- Origin: Bandung, West Java, Indonesia
- Genres: Dangdut; Dance-pop; Electropop; J-pop; Teen pop;
- Years active: 2011–present
- Label: 18 Musik
- Members: Atu; Kinang; Laras; Mega; Sarah;
- Past members: Opie; Rey; Uty; Yui;
- Website: 18musik.com

= Super Girlies =

Indonesian girl group

Super Girlies (スーパー・ガーリース) is an Indonesian girl group formed in 2011. The group is based in Bandung and is composed of Atu, Kinang, Laras, Mega, and Sarah. The former members, Opie, Rey, Uty, and Yui, left to pursue solo projects or retired. The group has been signed to the 18 Musik record label since their formation in 2011. Super Girlies are mainly a dance-pop and J-pop-influenced girl group, with their outfits heavily influenced by Harajuku fashion style. The group also released Dangdut singles, usually cover versions of well-known dangdut songs with teen pop arrangement. After releasing multiple singles since 2011, the group released their first album, Semangat, in 2015.

== Career ==
Super Girlies started their career on 14 February 2011, with their original line-up composed of Atu, Kinang, Laras, Mega, Opie, Sarah and Yui. Their first single, Malu Malu Mau, was released that year. The single was widely criticized on internet forums, especially by Hello! Project fans due to its heavy similarities with a single titled Rival released by Japanese idol girl group Berryz Kobo, a subgroup of Hello! Project. While the music video of the single itself used original concept and direction.

Their second single, Aw Aw Aw, was released near the end of 2011. The single proved to be their most successful single to date and is considered as their signature song, with its music video has gained over 3.7 million views on YouTube. During the making of the music video, Atu was physically unfit and temporarily replaced by Rey for the video shoot. Rey shortly afterwards left the group. Due to its popularity, in 2012 the single was picked as the opening theme of Indonesian teen soap opera Yang Masih di Bawah Umur (English: The Underage) which aired on RCTI, where the group also made cameos in some episodes of it.

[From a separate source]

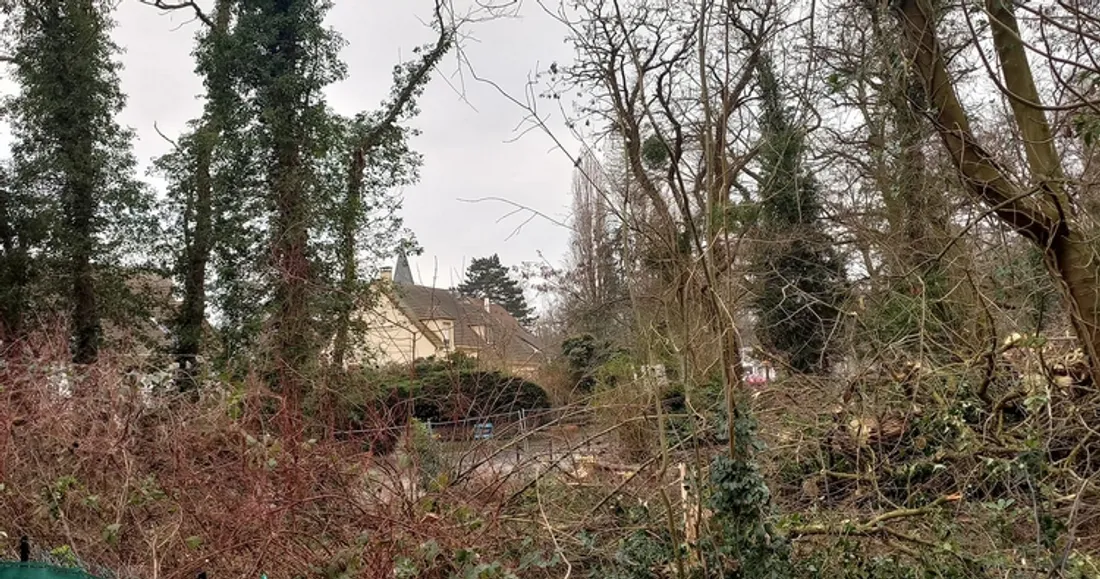 Bois à Saint-Pathus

On 25 January 2012, the group unexpectedly received the Outstanding Girlband Award at the 2012 Dahsyatnya Awards, beating the likes of already well-known girl groups such as 7icons and Cherrybelle. However on April, the group saw a change of its original line-up, when Yui left the group due to an unspecified health reason, she was then subsequently replaced by Uty. In the middle of 2012, Super Girlies released their third single, Missing You, a remake version of the original soundtrack of Indonesian teen soap opera Cinta Cenat-Cenut 2. Later that year, the group released their fourth single, Hip Hip Hura. The single was originally released by famous Indonesian singer Chrisye in 1985, while the cover version by the group is remade with new J-pop arrangement and feel.